Albert G.J. Tacon, Ph.D.

Shrimp capable of feeding on floating feeds within indoor clearwater culture systems

extruded feeds
A laboratory pellet mill was used to prepare the control diets.

A feeding trial conducted by the authors in 2000 at the Oceanic Institute (OI) in Hawaii, USA tested the effects of extrusion processing on the nutritive value of pelleted feeds for shrimp. In the 12-week trial, part of OI’s shrimp feeds research program supported by the Agricultural Research Service of the U.S. Department of Agriculture, 0.95-gram Litopenaeus vannamei were studied in an indoor, running-water tank system.

Dietary treatments

A total of eight dietary treatments were evaluated: 

A. Sinking standard steam-pelleted diet (35 to 37 percent protein), 2.4 mm diameter
B. Floating extruded/spherical agglomerizer system (SAS) diet, 3.2 mm diameter
C. Sinking extruded/SAS diet, 1.6 mm diameter
D. Floating extruded diet, 3.2 mm diameter
E. Sinking extruded diet, 2.4 mm diameter
F. Floating commercial catfish diet (37 percent protein), 2.8 to 3.35 mm diameter
G. Floating commercial trout diet (42 percent protein), 1.5 to 1.8 mm diameter
H. Floating commercial trout diet (45 percent protein), 1.5 to 1.8 mm diameter

Diet A was processed at OI using a pellet mill. Diets B to E had the same feed formulation, but were processed by Extru-Tech Inc. in Sabetha, Kansas, USA, which reground the feed in a mill to pass through a 0.04 (1.0-mm) screen. Moisture was then added to the mashes in a conditioner prior to extruding to 35 to 40 percent moisture. The mashes were extruded with a 1.5-mm screen die.

Extruded 1.5- to 2.0-mm strands of sinking and floating feed were collected and transferred to a spherical agglomerizer system to form two types of feed. The other two sinking and floating diets were extruded with a 2-mm die. In addition to the above OI formulations, three commercial floating feeds were also evaluated.

Experimental setup

Each diet was fed to triplicate groups of shrimp for 12 weeks. Animals were fed by hand to satiation four times daily at 8 a.m., 11 a.m., 2 p.m. and 5 p.m. The water temperature during the experiment ranged 25.1 to 26.2 degrees-C, with a mean of 25.7 degrees-C.
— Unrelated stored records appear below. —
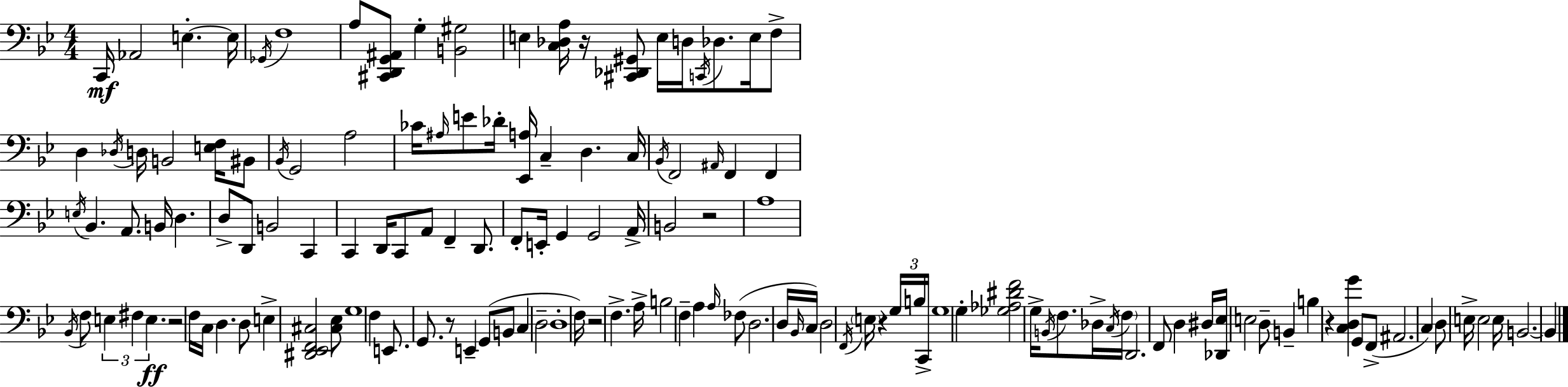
{
  \clef bass
  \numericTimeSignature
  \time 4/4
  \key g \minor
  c,16\mf aes,2 e4.-.~~ e16 | \acciaccatura { ges,16 } f1 | a8 <cis, d, g, ais,>8 g4-. <b, gis>2 | e4 <c des a>16 r16 <cis, des, gis,>8 e16 d16 \acciaccatura { c,16 } des8. e16 | \break f8-> d4 \acciaccatura { des16 } d16 b,2 | <e f>16 bis,8 \acciaccatura { bes,16 } g,2 a2 | ces'16 \grace { ais16 } e'8 des'16-. <ees, a>16 c4-- d4. | c16 \acciaccatura { bes,16 } f,2 \grace { ais,16 } f,4 | \break f,4 \acciaccatura { e16 } bes,4. a,8. | b,16 d4. d8-> d,8 b,2 | c,4 c,4 d,16 c,8 a,8 | f,4-- d,8. f,8-. e,16-. g,4 g,2 | \break a,16-> b,2 | r2 a1 | \acciaccatura { bes,16 } f8 \tuplet 3/2 { e4 fis4 | e4.\ff } r2 | \break f16 c16 d4. d8 e4-> <dis, ees, f, cis>2 | <cis ees>8 g1 | f4 e,8. | g,8. r8 e,4-- g,8( b,8 c4 | \break d2-- d1-. | f16) r2 | f4.-> a16-> b2 | f4-- a4 \grace { a16 } fes8( d2. | \break d16 \grace { bes,16 } c16) d2 | \acciaccatura { f,16 } \parenthesize e16 r4 \tuplet 3/2 { g16 b16 c,16-> } g1 | g4-. | <ges aes dis' f'>2 g16-> \acciaccatura { b,16 } f8. des16-> \acciaccatura { c16 } \parenthesize f16 | \break d,2. f,8 d4 | dis16 <des, ees>16 e2 d8-- b,4-- | b4 r4 <c d g'>4 g,8 | f,8->( ais,2. c4) | \break d8 e16-> e2 e16 b,2.~~ | b,4 \bar "|."
}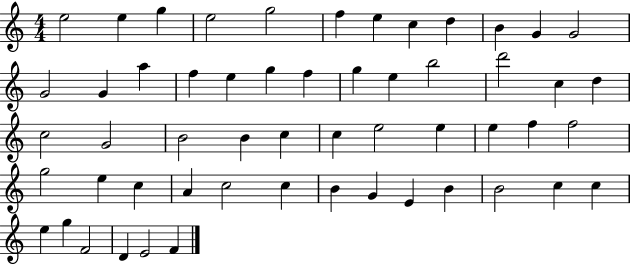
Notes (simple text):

E5/h E5/q G5/q E5/h G5/h F5/q E5/q C5/q D5/q B4/q G4/q G4/h G4/h G4/q A5/q F5/q E5/q G5/q F5/q G5/q E5/q B5/h D6/h C5/q D5/q C5/h G4/h B4/h B4/q C5/q C5/q E5/h E5/q E5/q F5/q F5/h G5/h E5/q C5/q A4/q C5/h C5/q B4/q G4/q E4/q B4/q B4/h C5/q C5/q E5/q G5/q F4/h D4/q E4/h F4/q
Final weight, feed efficiency 

Table 1 shows shrimp growth and feed performance over the experimental period. Treatment E produced the highest mean final body weight of shrimp (8.35 grams), followed by treatments C (8.17 grams), D (7.37 grams), B (7.21 grams), A (7.11 grams), F (3.26 grams), H (3.15 grams) and G (2.93 grams).

Feed efficiency (final shrimp biomass – initial shrimp biomass x 100 per-feed offered) was highest for treatment D (0.57), followed by treatments B (0.52), C and E (0.45), A (0.34), F (0.14), H (0.12) and G (0.11).


The results of this study demonstrated the beneficial effect on shrimp growth of feeds produced with extrusion processing as compared with conventional steam-pelleted feeds. Moreover, they showed extruded and SAS-processed sinking feeds were superior to floating feeds on the basis of shrimp growth performance, and that the SAS processing method offered no additional advantage compared with extrusion or straight steam pelleting. The results also demonstrated that shrimp were capable of feeding on floating feeds within indoor clearwater culture systems.